* Problem requirements *
Omitting all images, set down every line below exactly as it appears.

* The data *
____________________

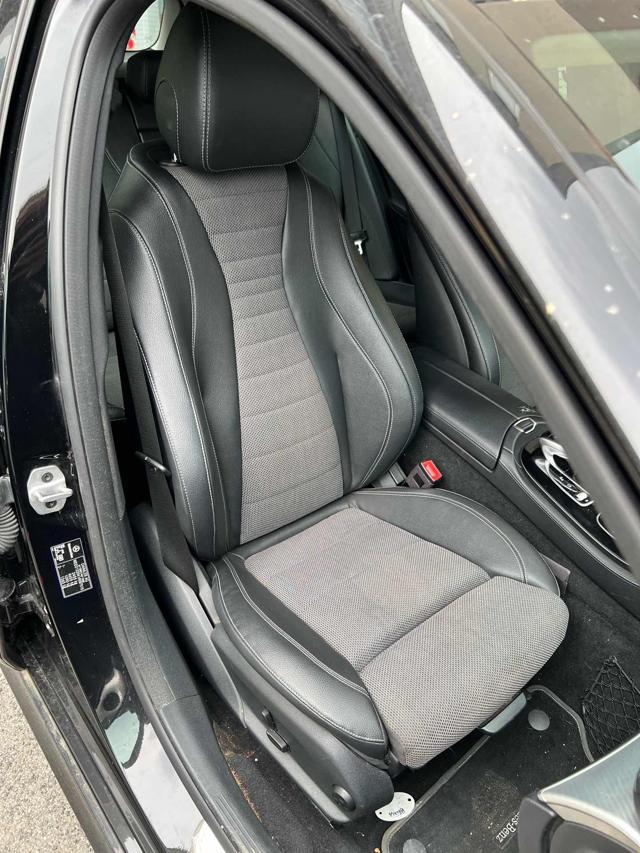 MERCEDES-BENZ E 220 usata, con Servosterzo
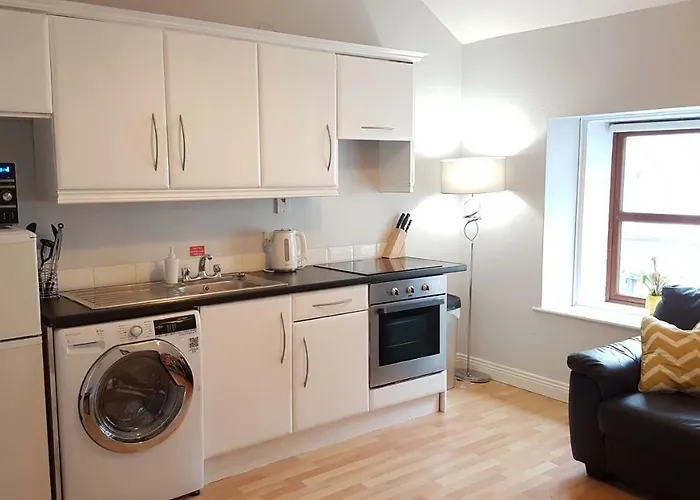 Townhouse In Centre Of *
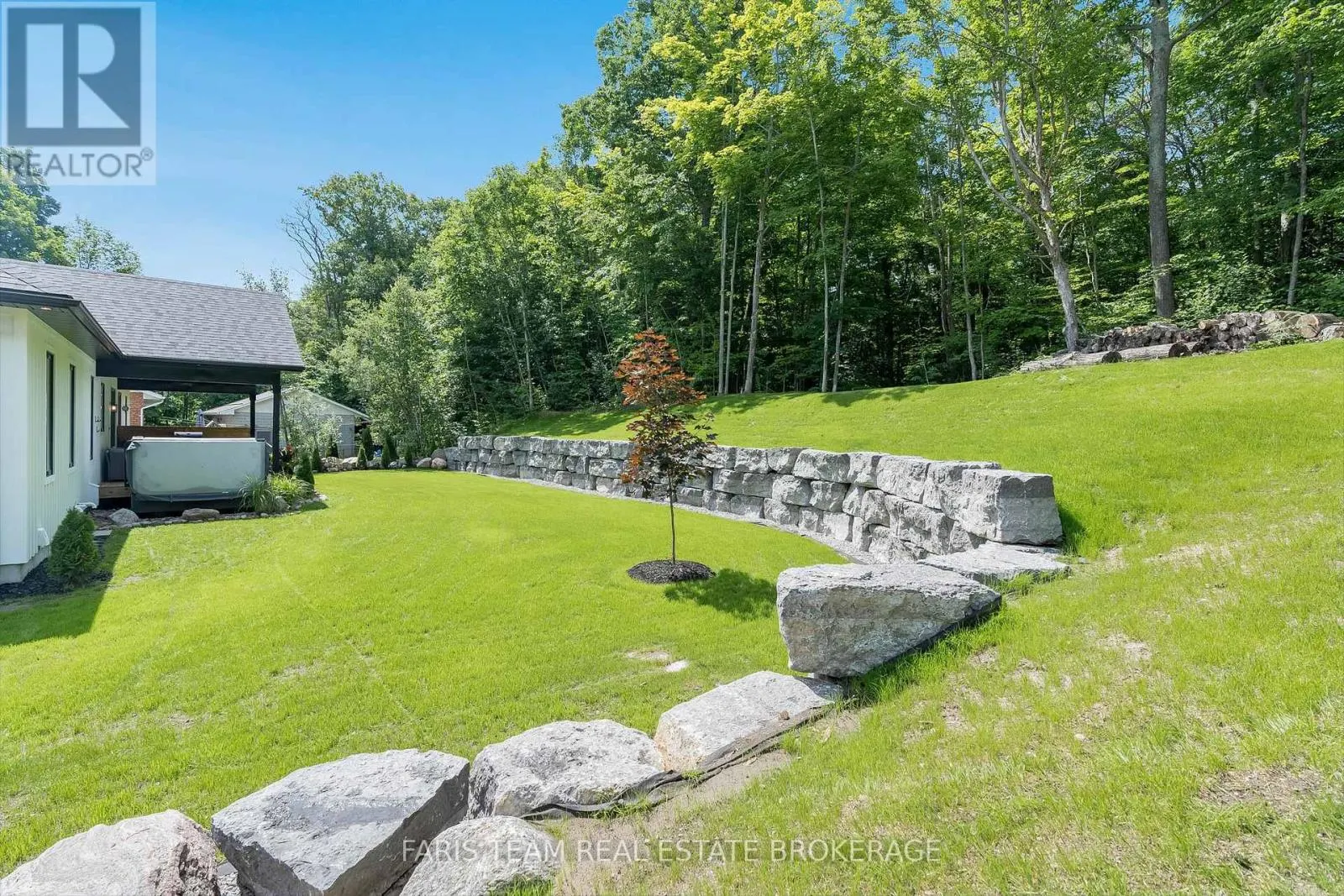 1532 CHAMPLAIN ROAD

____________________

* Response area *
 MERCEDES-BENZ E 220 usata, con Servosterzo
 Townhouse In Centre Of *
 1532 CHAMPLAIN ROAD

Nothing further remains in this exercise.